L'un des aspects les plus spectaculaires de la pièce est sans nul doute les costumes. Entièrement blanc, couleur sacrée incarnant la pureté, ils sont, pour la plupart et comme l'exige la tradition, fait de papier. Véritable éblouissement, ils méritent à eux seuls le déplacement, en particulier ceux des dieux des éléments. Extrêmement travaillés, ils ont une grande force expressive au sens que, simplement en les voyant, l'on comprend qui est le personnage ou sa fonction. D'une très bonne tenue mais fluides et détaillés, ils se prêtent particulièrement bien à cette mise en scène. Le seul personnage coloré est le vilain Kali, démon par qui le malheur arrive. Le papier constitue également l'ensemble des accessoires, qu'ils s’agisse d’origamis complexes ou de dés, le papier, blanc comme il se doit, est omniprésent.

 

...pour un art vivant et frais

Le ton est donné dès les premières minutes. Les percussions rythmées nous transportent dans un lointain mystique et fabuleux où les princes bienveillants côtoient les dieux et où les princesses ne sont pas de simples potiches, juste bonnes à marier.

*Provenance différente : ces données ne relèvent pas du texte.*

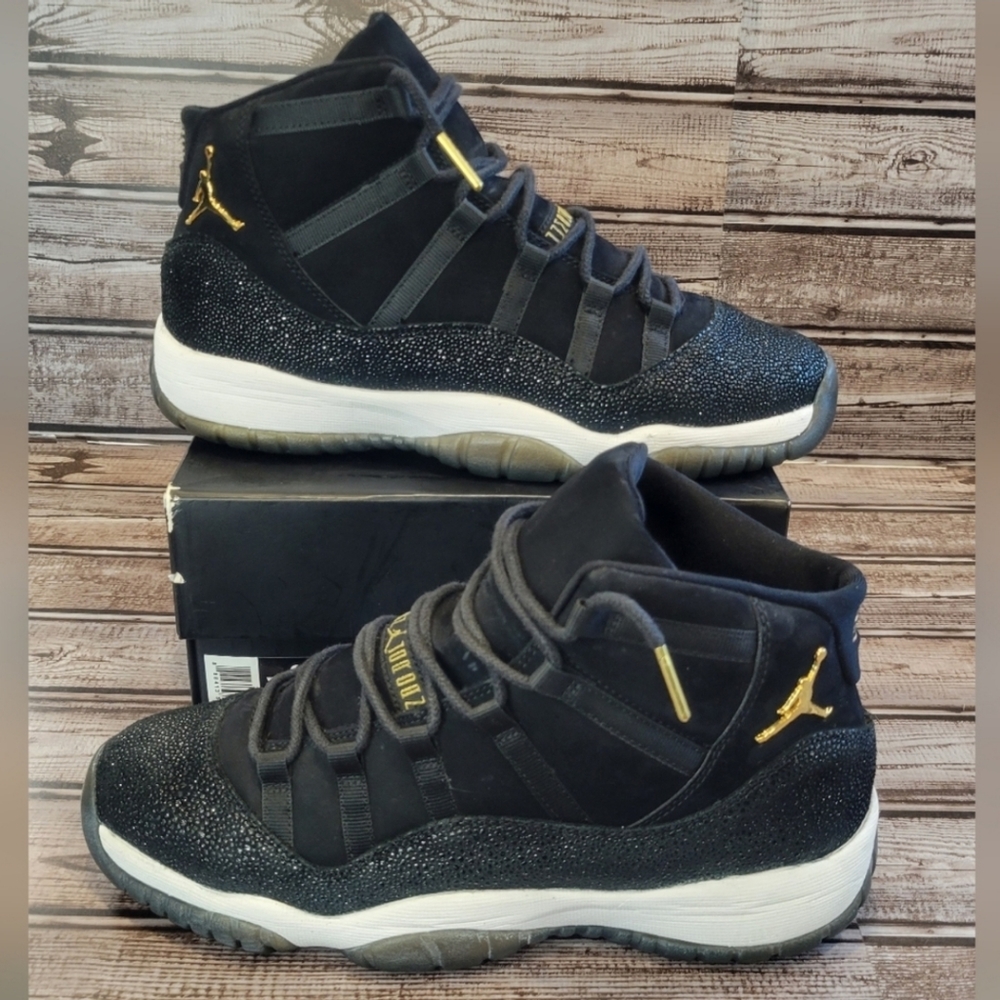 Jordan 11 retro heiress black stingray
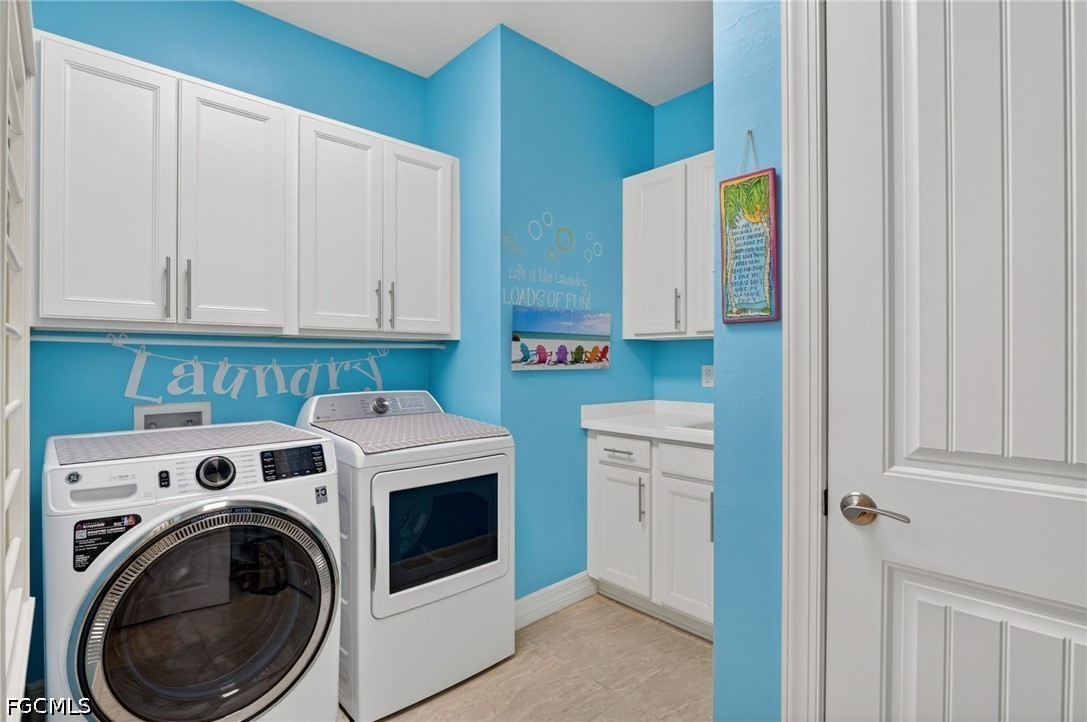 11813 Darcy PL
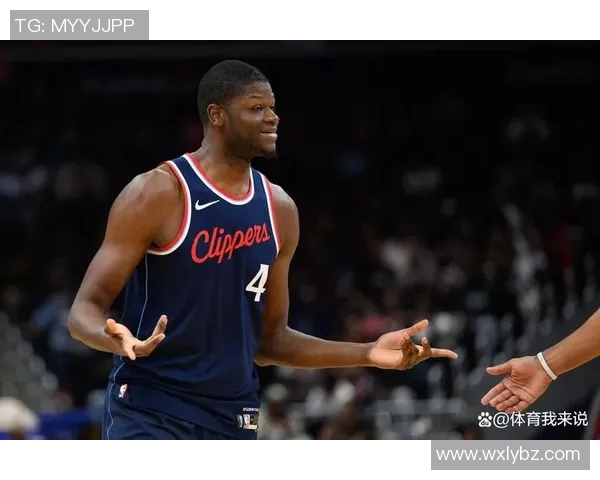 爵士队后卫严重拉伤，恐将休战数周——球队前景堪忧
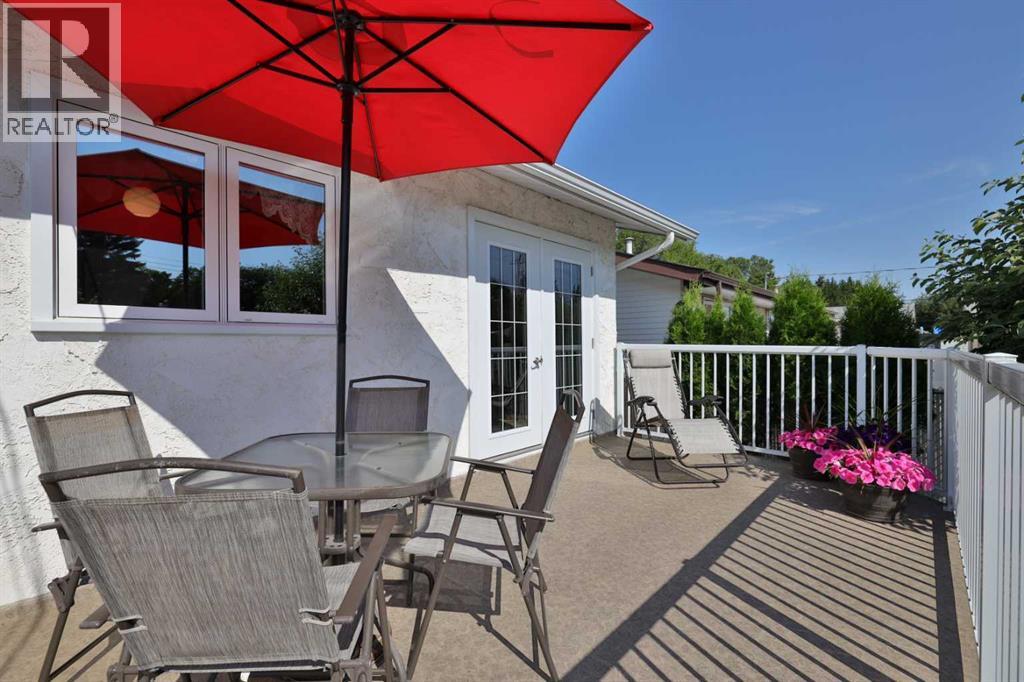 4407 66 Street - 42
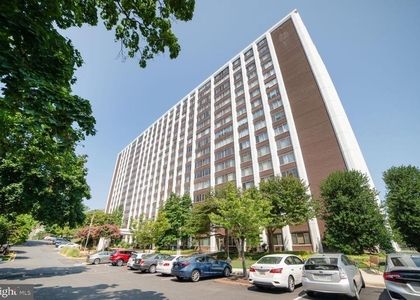 11801 Rockville Pike - Photo 1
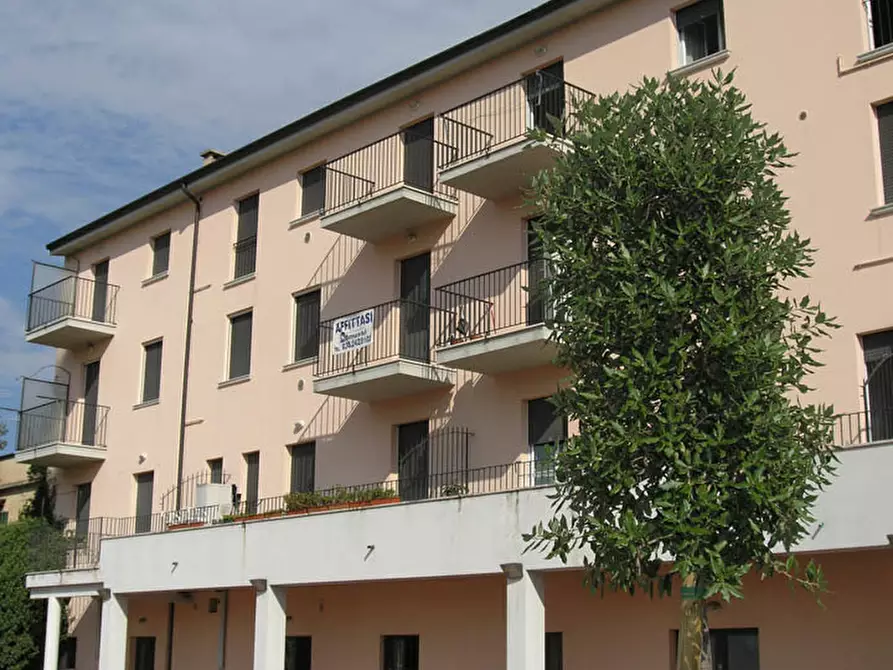 Immagine 1 di Appartamento in affitto  a Brescia
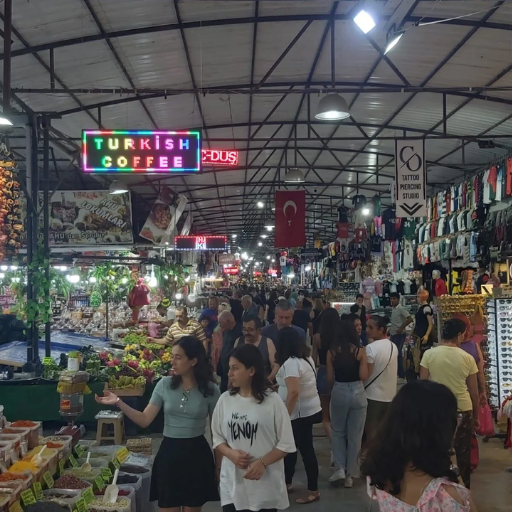 Mavisehir Night Market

Une des marques les plus saisissantes de la modernité de la mise en scène concerne la présence de femmes sur la scène. En effet, depuis l'époque d'Edo, au début du XVIIe siècle, seuls les hommes étaient autorisés à monter sur scène.

Les percussions traditionnelles se voient adjointes des instruments venus d'autres horizons, comme le djembé.

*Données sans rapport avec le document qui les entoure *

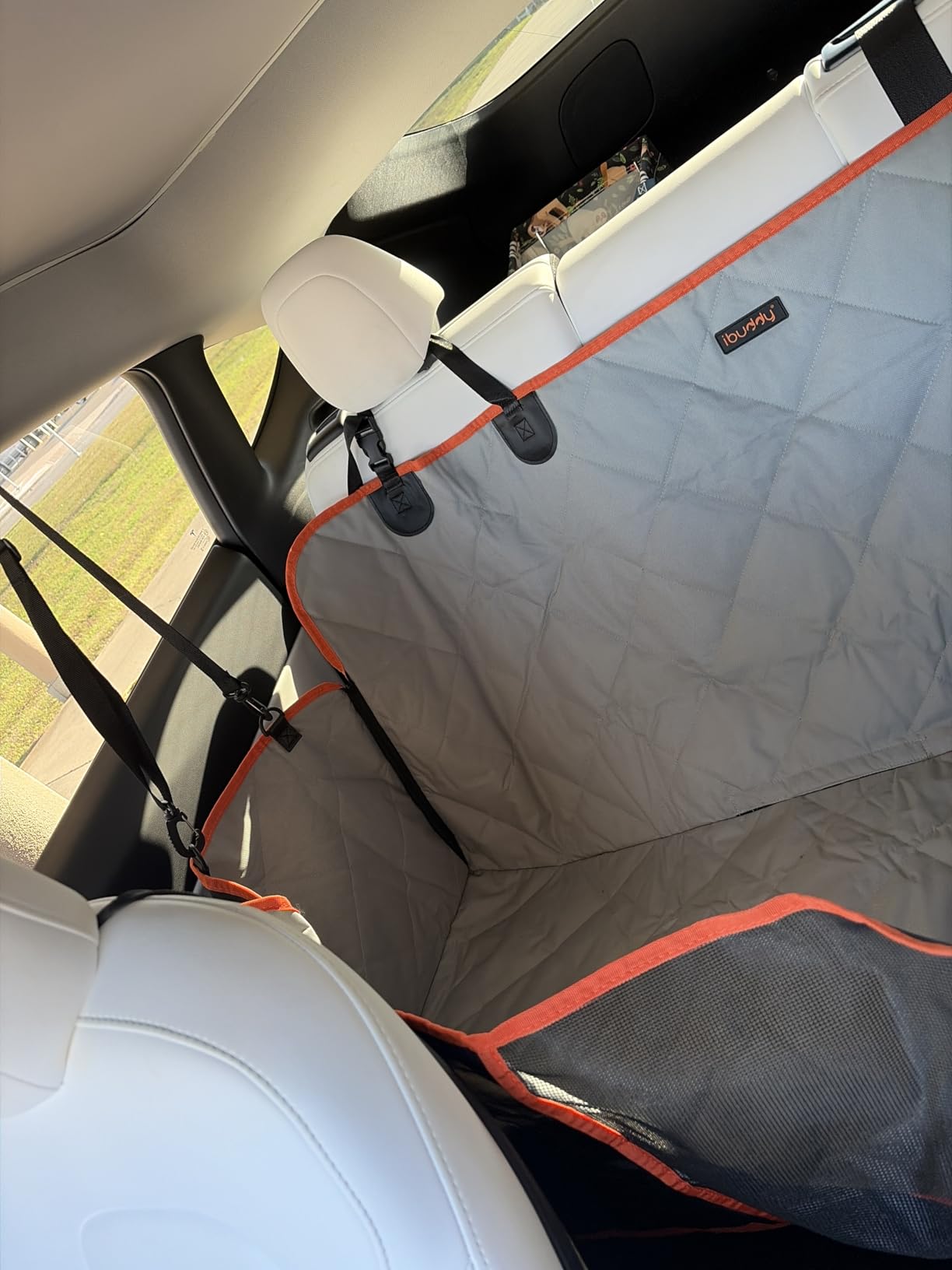 Luxury Dog Car Seat Cover for Back Seat Breathable Mesh Window Dog Hammock for Car 4-Layer Heavy Duty Waterproof Pet Seat Protector Scratch-Proof Car Seat Cover Perfect for Family Road Trips customer photo 2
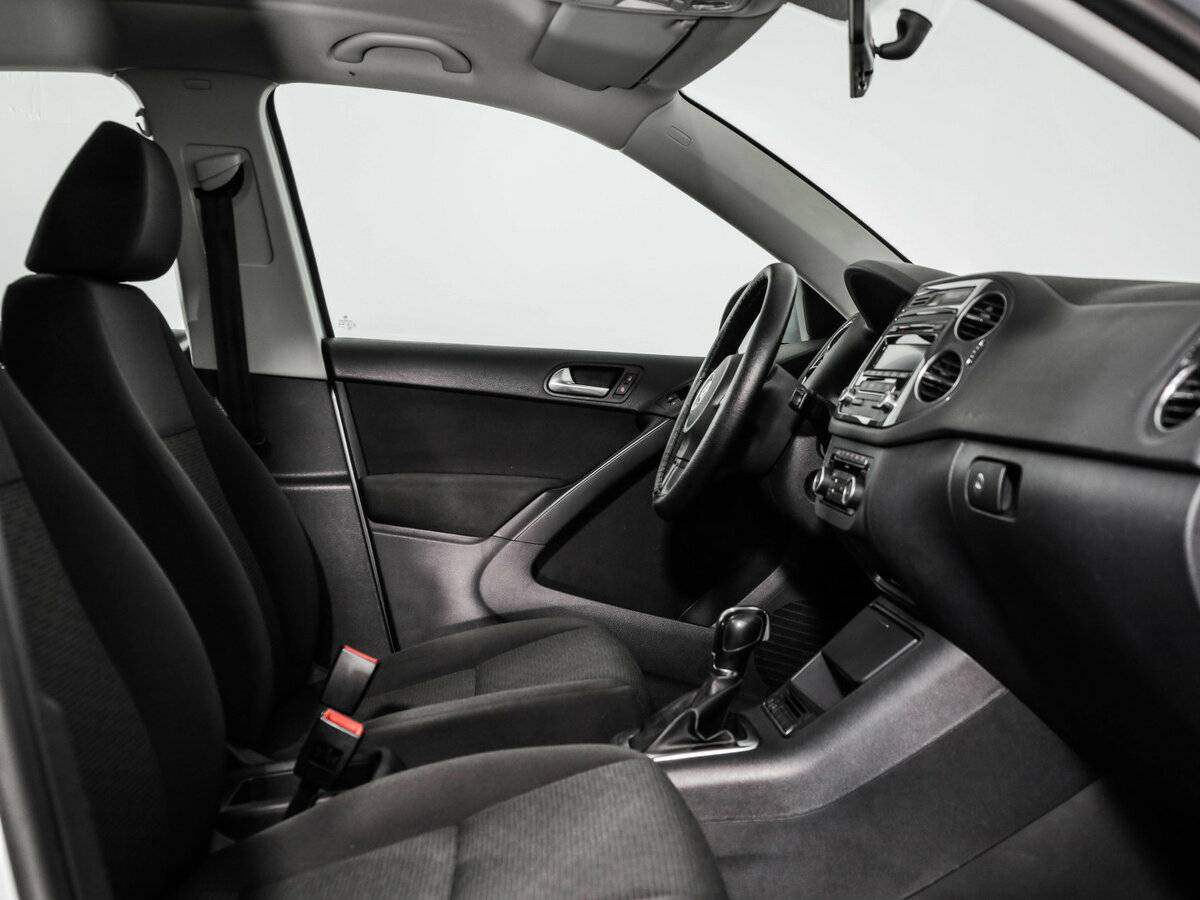 Volkswagen Tiguan с пробегом — 2011 год. Фото: #21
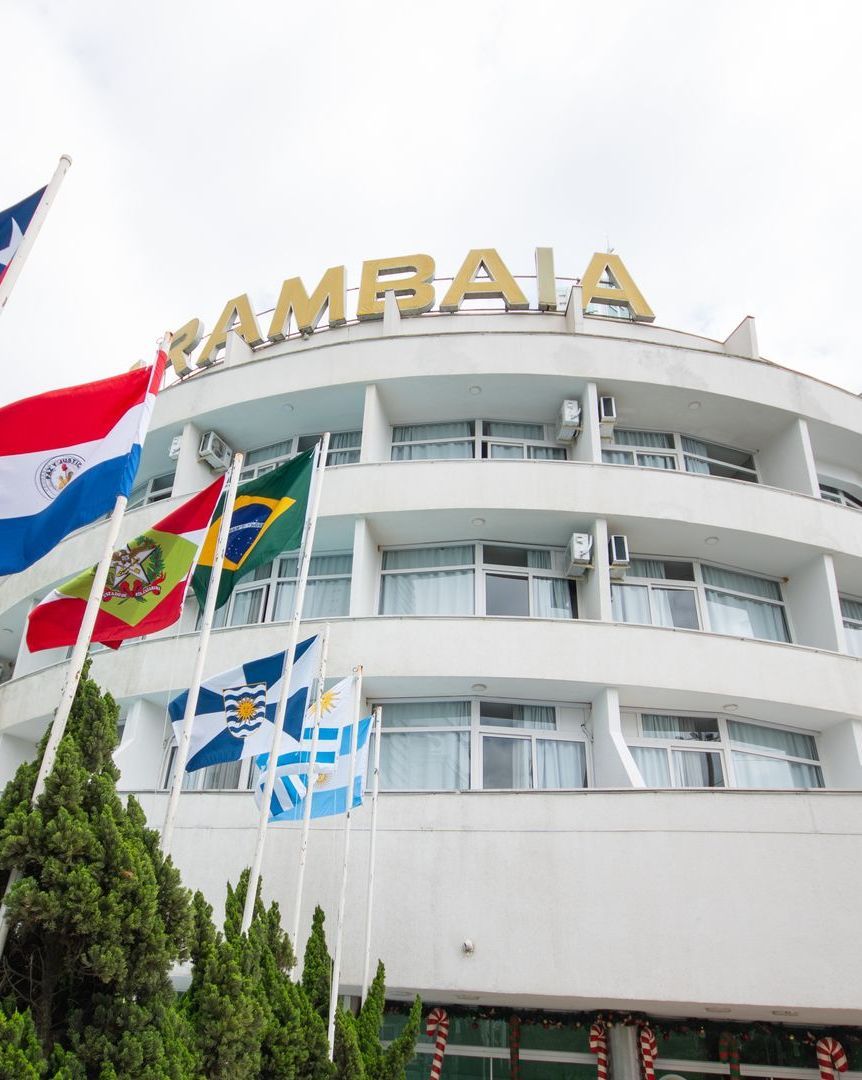 Prédio moderno branco com placa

Enfin, le spectacle comporte plusieurs références à la culture contemporaine. Comment ne pas rire devant ce moine interprétant la danse de Thriller de Michael Jackon, la création prenant des airs de comédie musicale.

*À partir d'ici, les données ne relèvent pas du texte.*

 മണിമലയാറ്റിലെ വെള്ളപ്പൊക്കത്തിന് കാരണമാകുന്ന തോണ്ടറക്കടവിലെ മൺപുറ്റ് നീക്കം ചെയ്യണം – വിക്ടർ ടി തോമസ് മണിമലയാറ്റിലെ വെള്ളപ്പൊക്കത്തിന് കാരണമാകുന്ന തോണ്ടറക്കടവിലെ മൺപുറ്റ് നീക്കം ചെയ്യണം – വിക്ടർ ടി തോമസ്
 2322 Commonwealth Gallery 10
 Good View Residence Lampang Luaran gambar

Cet art, à la fois festif et accessible, ne laisse personne indifférent, d'autant que la mise en scène tire judicieusement parti de l'espace de la salle avec ses gradins, fonds de scène, balcons et même les allées du public sont mises à contribution. L'énergie des acteurs est communicative, si bien que l'on ressort de la représentation émerveillé et sans avoir vu passer les 1h45. En définitive, ce spectacle incarne à merveille la devise du musée : là où dialoguent les cultures.

 


 

 

Visuels : © Takuma Uchida et musée du quai Branly (site du musée)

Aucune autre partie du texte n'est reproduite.